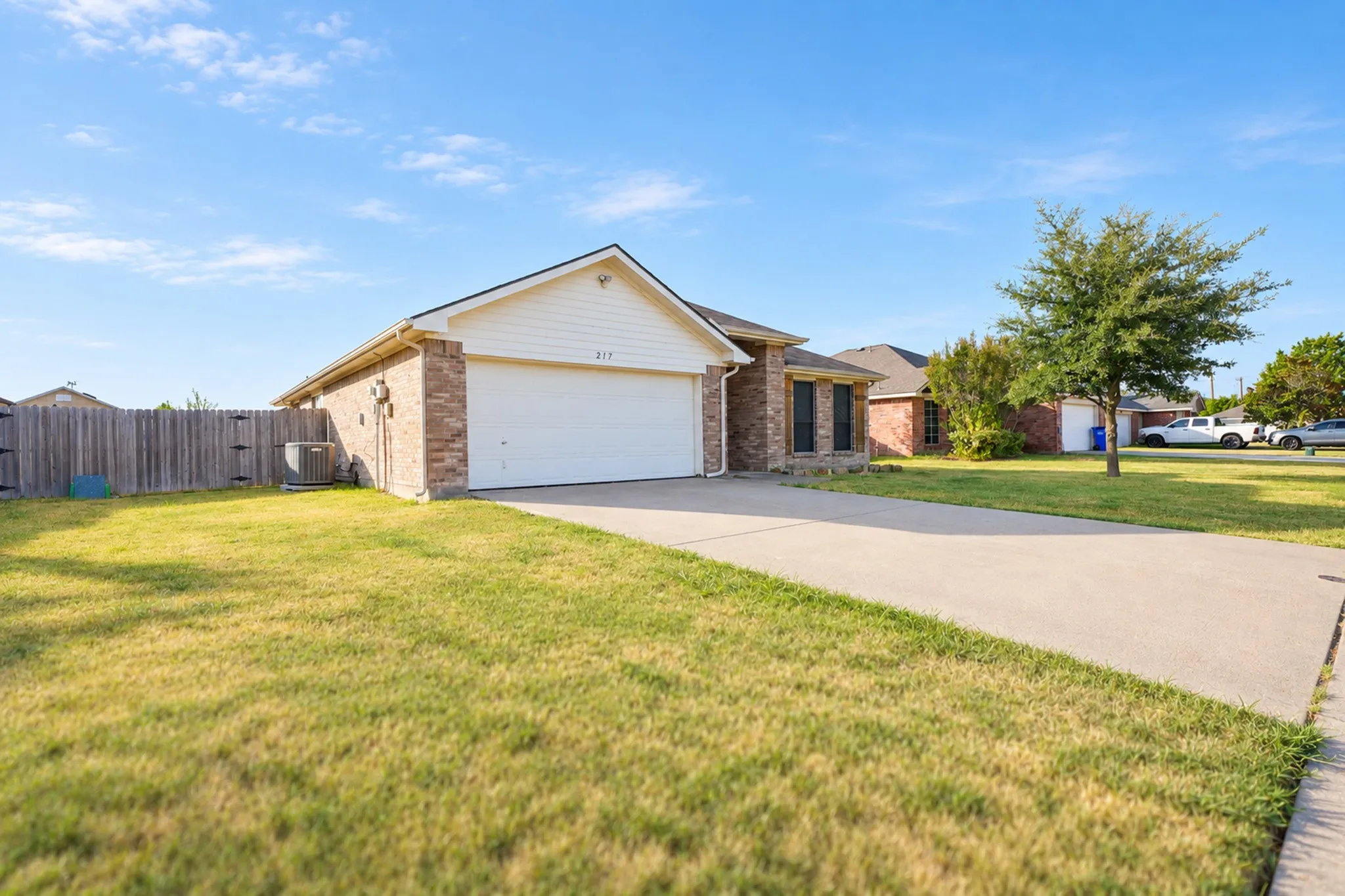 Brick exterior with siding accents, attached two-car garage, concrete driveway, and a fenced side yard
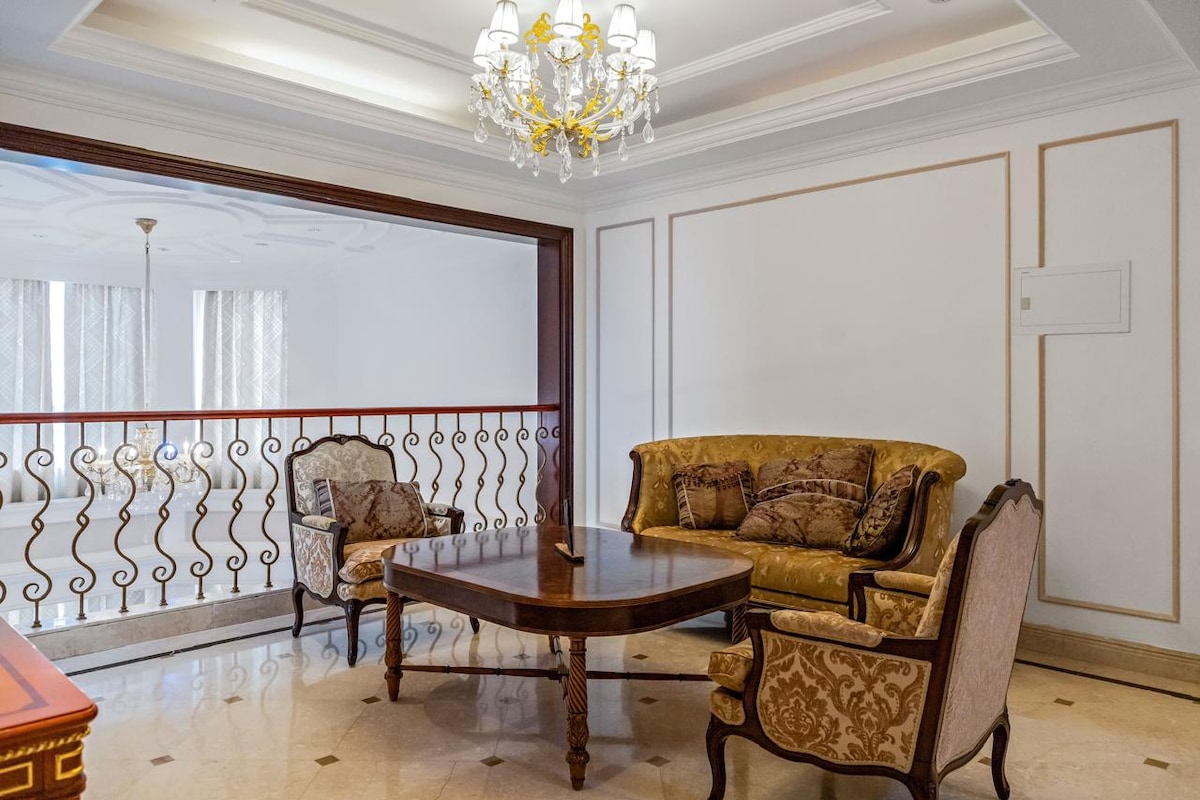 Elegant seating is arranged around a dark wooden coffee table in a well-lit living area. The decor features a classic chandelier overhead and ornate patterns on the armchairs, complemented by a harmonious color palette. A balcony railing can be seen in the background.
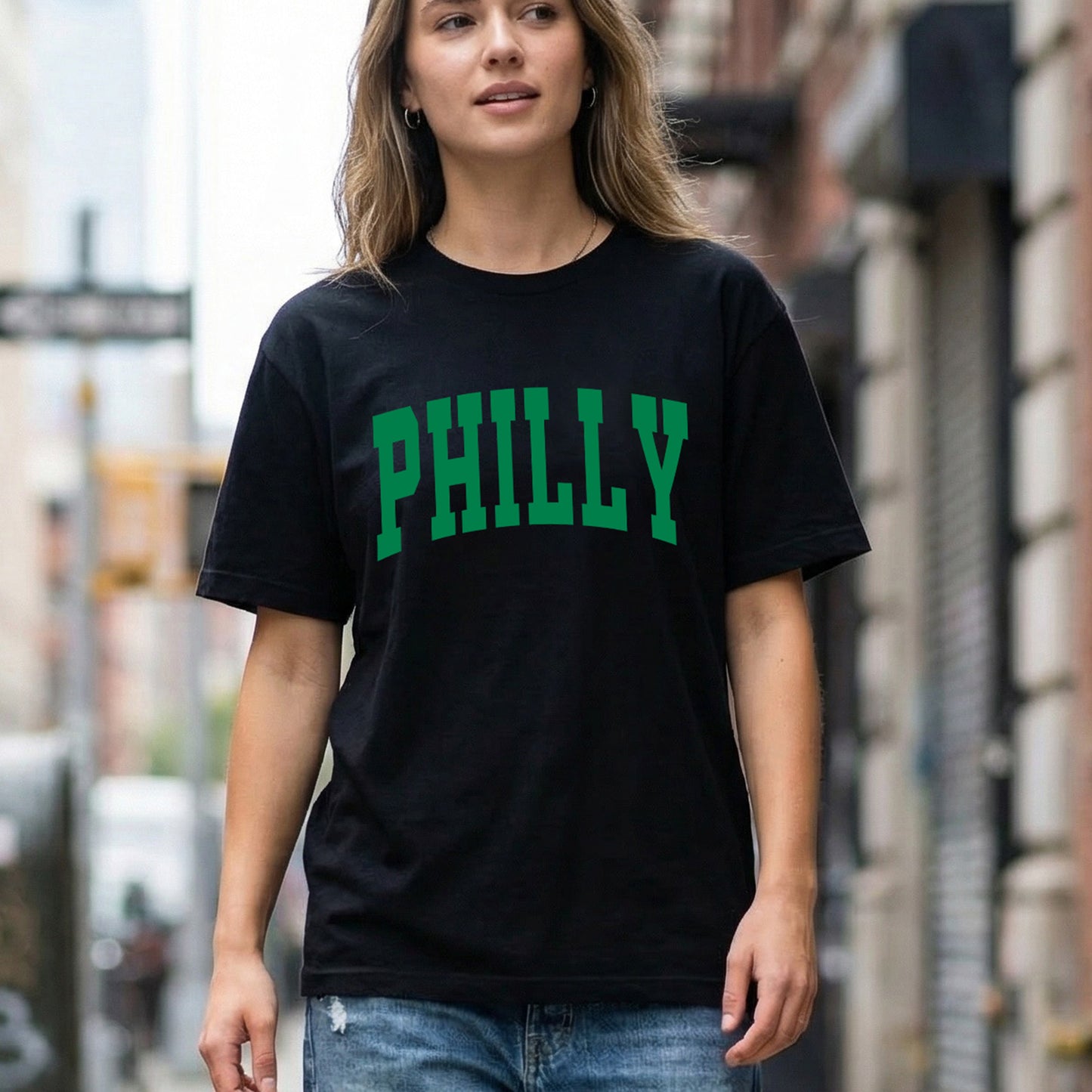 Woman wearing a black comfort colors t-shirt that says Philly on the front.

________________________

▶ [Exercise]: Please print the data above once more, exactly and without images.

▶ [Answer space]:
 Brick exterior with siding accents, attached two-car garage, concrete driveway, and a fenced side yard
 Elegant seating is arranged around a dark wooden coffee table in a well-lit living area. The decor features a classic chandelier overhead and ornate patterns on the armchairs, complemented by a harmonious color palette. A balcony railing can be seen in the background.
 Woman wearing a black comfort colors t-shirt that says Philly on the front.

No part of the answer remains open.